Повозившись, Лючиано перенес на стол пару толстых книг формата, как любил выражаться отец Саиль, «спотыкашка» – раза в полтора больше обычной полки. Девочка, ожидавшая увидеть рулоны и свитки, была обескуражена.
Пользоваться найденными картами, как и всем в Ингернике, следовало по-особенному. На общем виде И’Са-Орио-Та (всего-то на разворот) были указаны только столицы провинций.
– Кунг-Харн. – Лючиано нашел город в длинном списке. – Квадрат вэ-три! Страница тридцать один.
На нужной странице, в переплетении замысловатых кривых линий, неровным пятном был обозначен город «в состоянии на пятый год». Еще пара минут потребовалась, чтобы соединить этот клочок изображения с остальными.
Саиль провела пальцем по карте и ужаснулась:
– Как далеко!
Горы, река, редкие ниточки трактов… До Ингерники тете с дядей пришлось бы добираться вдвое дольше, чем им!
– Может, они еще в пути? – неуверенно предположил Лючиано.
Саиль нахмурилась.
– Тогда почему папа сказал, что они скоро приедут?
Он-то должен был понимать – ей не важен срок, только уверенность, что все идет хорошо!
– Это потому, что он считает их мертвыми, – скрипнул рядом незнакомый хриплый голос. – И, если ты не захочешь их увидеть, они вправду умрут.
Саиль испуганно дернулась, но почти сразу поняла, что странный голос принадлежит Лючиано. Мальчик прокашлялся и потер горло.
– Ах! – Девочка оттолкнула от себя атлас и выбежала из библиотеки.
– Ну вот, напугал девчонку! – покачал головой Петрос.
– Я не хотел. – Лючиано растирал горло, его голос все еще был хрипловатым. – Оно само как-то.
– Беги, успокаивай!
– Нельзя, – покачал головой мальчик. – Там что-то важное, я пока не разберу…
Весь день Саиль сторонилась Лючиано, не думала, не смотрела и гнала из мыслей.

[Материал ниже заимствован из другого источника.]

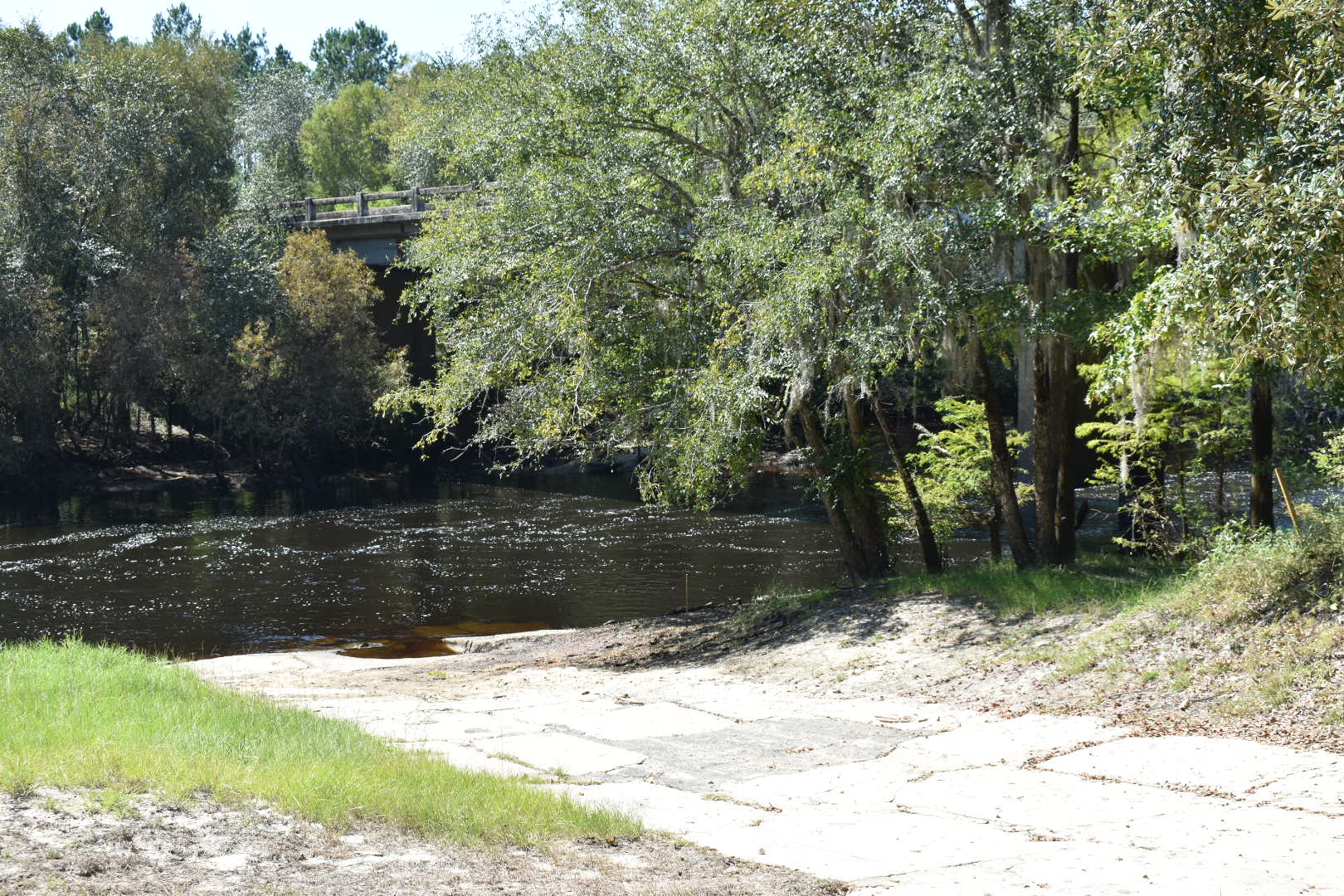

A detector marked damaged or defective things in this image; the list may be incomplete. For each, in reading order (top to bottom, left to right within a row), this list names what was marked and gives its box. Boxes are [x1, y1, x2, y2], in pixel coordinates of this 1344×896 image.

cracked concrete surface [194, 637, 1341, 896] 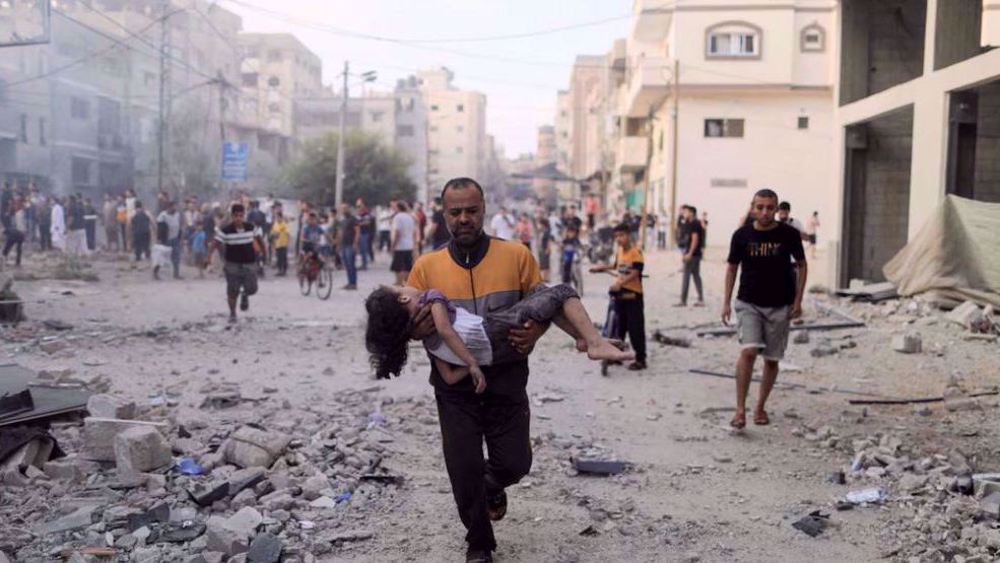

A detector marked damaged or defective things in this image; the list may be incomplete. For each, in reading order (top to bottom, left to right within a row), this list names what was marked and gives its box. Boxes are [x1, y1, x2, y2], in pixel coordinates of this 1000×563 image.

Подумать только, какая злая шутка! Ей почти удалось восстановить присутствие духа.
А ночью она видела сон – их дом, такой, каким он был прежде. Тетя, дядя, двоюродные братья и сестры, ярко-желтая певчая птичка, околевшая еще два года назад… И только взглянув в призрачные лица родных, Саиль вспомнила главное – дядя Тимар был печатным. Он не смог бы покинуть Кунг-Харн.
Тенями встали вокруг люди, встреченные во время стремительного бегства, – привязанные клятвами к разрушенным селениям, пожираемой чудовищами земле. И их глаза, глаза живых мертвецов.
«Считает мертвыми».
Саиль проснулась с криком и, как была, в одной сорочке, метнулась в крыло для мальчиков, врубила свет в комнате Лючиано и принялась трясти его за плечо:
– Проснись, проснись!
– Мм… Угу… – невнятно промычал Лючиано и попытался зарыться в подушки.

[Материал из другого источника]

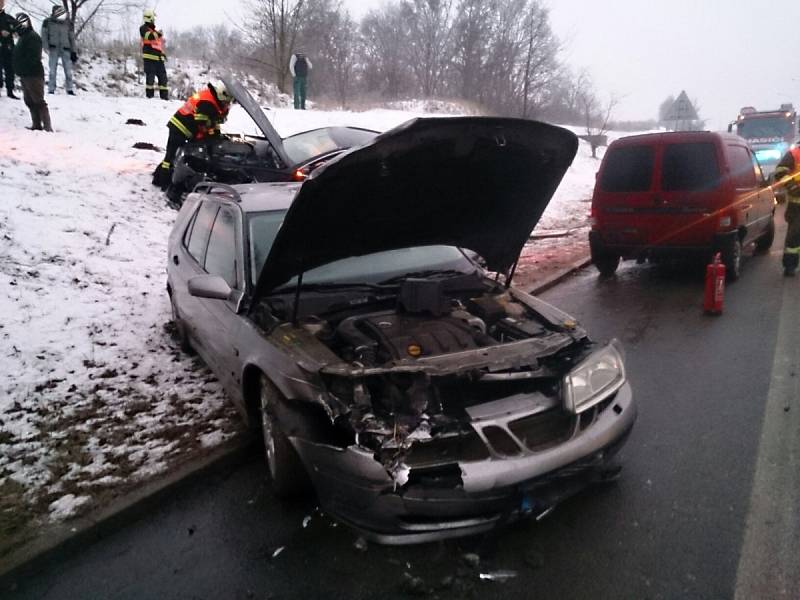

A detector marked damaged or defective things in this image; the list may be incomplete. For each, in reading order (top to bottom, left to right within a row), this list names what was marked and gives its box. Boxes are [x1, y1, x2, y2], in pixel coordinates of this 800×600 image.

Но если белому что-то надо, избавить от его настойчивости может только смерть.
– Ответь, ответь мне! Если я захочу увидеть их, то тоже умру?
– Нет, – глухо отозвался Лючиано. – Если ты захочешь их увидеть, то НИКТО не умрет.
– Откуда ты знаешь?!!
Лючиано сел в кровати, заспанно щурясь.
– Ты уже слышала, что у меня есть брат?
Саиль кивнула – странную историю про черно-белых братьев в интернате знали все.
– Год назад я прочел в газете, что он убит. Сначала мне было очень плохо, я целую неделю болел. А потом вдруг понял, что это – неправда. Меня даже к эмпату водили! – Лючиано передернул плечами. – Но оказалось, что он жив. С тех пор я… просто ЗНАЮ некоторые вещи. Не спрашивай – почему и как.
И Саиль поверила. Было в нем что-то… такое.
– Если я все же увижу их там, где они сейчас… Что это изменит? У меня нет власти приказывать печатным!
– Я вообще не знаю, кто это такие. Чтобы понять, можно ли что-то сделать, мне надо их увидеть.
– Но ведь для этого требуется… магия!
– Я уже могу контролировать свой дар, – пожал плечами Лючиано. – Просто стараюсь об этом не распространяться. Мистер Олли дает мне уроки частным порядком.
Наличие рядом белого мага (пусть маленького) привело девочку в смятение: пастырь, хранитель устоев, а она в ночнушке!
– Слушай его, крошка! – На соседней кровати проснулся Петрос. – Брат его крут, и он – крут тоже!